Well, we've hit a ceiling though of ~290vp over 6ish games now (today was 280 vs 282). At this point, it's a fundamental rejiggering of how we approach the game vs just tightening up existing play.

It's a wide open sandbox though as best I can see. Ora & Labora is another that sort of feels like that, but there differentiation is determined by an opponent's building acquisition rather than conscious player planning choice as it is in The Colonists. Point stands though, I think both can fit the definition.

What examples of unguided games that don't guide players to optimal pathways?

(Note, this doesn't mean it's commercially successful, or a good design in general, just unguided)
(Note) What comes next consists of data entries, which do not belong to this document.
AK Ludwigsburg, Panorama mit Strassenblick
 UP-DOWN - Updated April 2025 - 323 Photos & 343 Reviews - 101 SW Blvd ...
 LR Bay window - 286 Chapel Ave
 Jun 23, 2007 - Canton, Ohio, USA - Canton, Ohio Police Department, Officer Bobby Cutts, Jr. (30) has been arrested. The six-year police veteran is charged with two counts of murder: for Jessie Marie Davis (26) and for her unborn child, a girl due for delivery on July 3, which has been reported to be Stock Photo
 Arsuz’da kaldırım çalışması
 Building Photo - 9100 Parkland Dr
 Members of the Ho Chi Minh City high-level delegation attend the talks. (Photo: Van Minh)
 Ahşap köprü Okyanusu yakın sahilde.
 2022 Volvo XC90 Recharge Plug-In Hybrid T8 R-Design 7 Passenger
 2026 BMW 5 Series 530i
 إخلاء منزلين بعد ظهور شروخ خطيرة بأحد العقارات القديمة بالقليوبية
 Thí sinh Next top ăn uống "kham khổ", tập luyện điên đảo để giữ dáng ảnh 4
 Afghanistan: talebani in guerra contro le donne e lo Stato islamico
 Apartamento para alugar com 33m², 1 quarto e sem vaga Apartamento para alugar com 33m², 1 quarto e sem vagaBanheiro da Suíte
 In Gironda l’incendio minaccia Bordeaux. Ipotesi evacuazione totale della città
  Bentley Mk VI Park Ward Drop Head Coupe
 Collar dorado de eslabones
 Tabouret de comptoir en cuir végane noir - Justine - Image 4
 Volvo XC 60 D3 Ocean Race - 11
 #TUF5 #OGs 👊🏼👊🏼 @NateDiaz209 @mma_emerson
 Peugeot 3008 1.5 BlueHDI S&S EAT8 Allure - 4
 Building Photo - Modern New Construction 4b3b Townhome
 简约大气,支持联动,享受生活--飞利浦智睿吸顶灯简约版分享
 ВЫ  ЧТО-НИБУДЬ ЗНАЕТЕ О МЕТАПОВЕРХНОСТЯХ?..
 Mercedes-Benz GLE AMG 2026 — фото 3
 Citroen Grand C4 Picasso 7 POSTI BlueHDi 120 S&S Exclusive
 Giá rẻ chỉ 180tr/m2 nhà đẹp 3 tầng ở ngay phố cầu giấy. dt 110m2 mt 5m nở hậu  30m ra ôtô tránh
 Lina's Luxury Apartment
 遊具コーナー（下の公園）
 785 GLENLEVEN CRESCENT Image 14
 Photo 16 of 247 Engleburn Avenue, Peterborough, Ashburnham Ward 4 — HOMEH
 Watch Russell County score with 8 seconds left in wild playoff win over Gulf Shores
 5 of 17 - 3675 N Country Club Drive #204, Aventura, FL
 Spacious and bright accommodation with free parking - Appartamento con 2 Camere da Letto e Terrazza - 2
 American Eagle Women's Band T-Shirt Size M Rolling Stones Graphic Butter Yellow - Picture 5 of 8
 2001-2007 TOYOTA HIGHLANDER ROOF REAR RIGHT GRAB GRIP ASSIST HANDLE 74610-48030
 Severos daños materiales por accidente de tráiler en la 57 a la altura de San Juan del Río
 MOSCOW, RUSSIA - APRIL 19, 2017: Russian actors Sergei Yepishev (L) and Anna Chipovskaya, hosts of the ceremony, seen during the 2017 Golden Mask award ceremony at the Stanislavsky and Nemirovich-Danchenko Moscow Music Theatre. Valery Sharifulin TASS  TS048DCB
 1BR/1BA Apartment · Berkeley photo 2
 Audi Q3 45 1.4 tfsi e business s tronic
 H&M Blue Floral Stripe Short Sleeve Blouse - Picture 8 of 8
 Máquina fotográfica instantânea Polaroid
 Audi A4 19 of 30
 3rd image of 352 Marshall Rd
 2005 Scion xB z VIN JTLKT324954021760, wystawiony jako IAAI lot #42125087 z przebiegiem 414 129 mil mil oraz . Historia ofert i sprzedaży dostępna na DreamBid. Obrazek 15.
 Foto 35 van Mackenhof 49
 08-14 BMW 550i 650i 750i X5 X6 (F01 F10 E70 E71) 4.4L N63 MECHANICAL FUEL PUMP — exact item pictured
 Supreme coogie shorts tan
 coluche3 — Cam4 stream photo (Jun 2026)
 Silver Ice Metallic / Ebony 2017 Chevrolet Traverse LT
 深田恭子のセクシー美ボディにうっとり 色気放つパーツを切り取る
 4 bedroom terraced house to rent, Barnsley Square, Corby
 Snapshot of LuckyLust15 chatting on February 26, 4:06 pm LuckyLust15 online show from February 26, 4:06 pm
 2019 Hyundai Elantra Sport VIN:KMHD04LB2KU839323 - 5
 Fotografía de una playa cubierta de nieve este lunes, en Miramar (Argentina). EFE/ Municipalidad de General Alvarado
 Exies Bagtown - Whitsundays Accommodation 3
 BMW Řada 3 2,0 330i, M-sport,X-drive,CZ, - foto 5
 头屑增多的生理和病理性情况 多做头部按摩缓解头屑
@gpage I played JoCo 2e with firms over the weekend so it's fresh on my mind. It definitely doesn't guide people to optimal play - it makes "doing things" seem attractive/important when they may or may not be. You're essentially making a series of gambles anyway so optimal paths are difficult to parse and you're left trying to leverage good deals, mitigate risks, and then you see where you end up when the music stops.

@MplsMatt interesting. I remember in the OG that firms became a game of priority deal and how it saddled you with fewer options to evade overloading attacks from people further down the chain.

How many games have you played so far in general of 2e?

@gpage 4 total. The firms can give you lots to manage and the special retirement is great - but they also take significant resources to keep afloat. There's definitely a balance between firm investment and company operations that's ideal - but which bet is better still depends to an extent on random elements.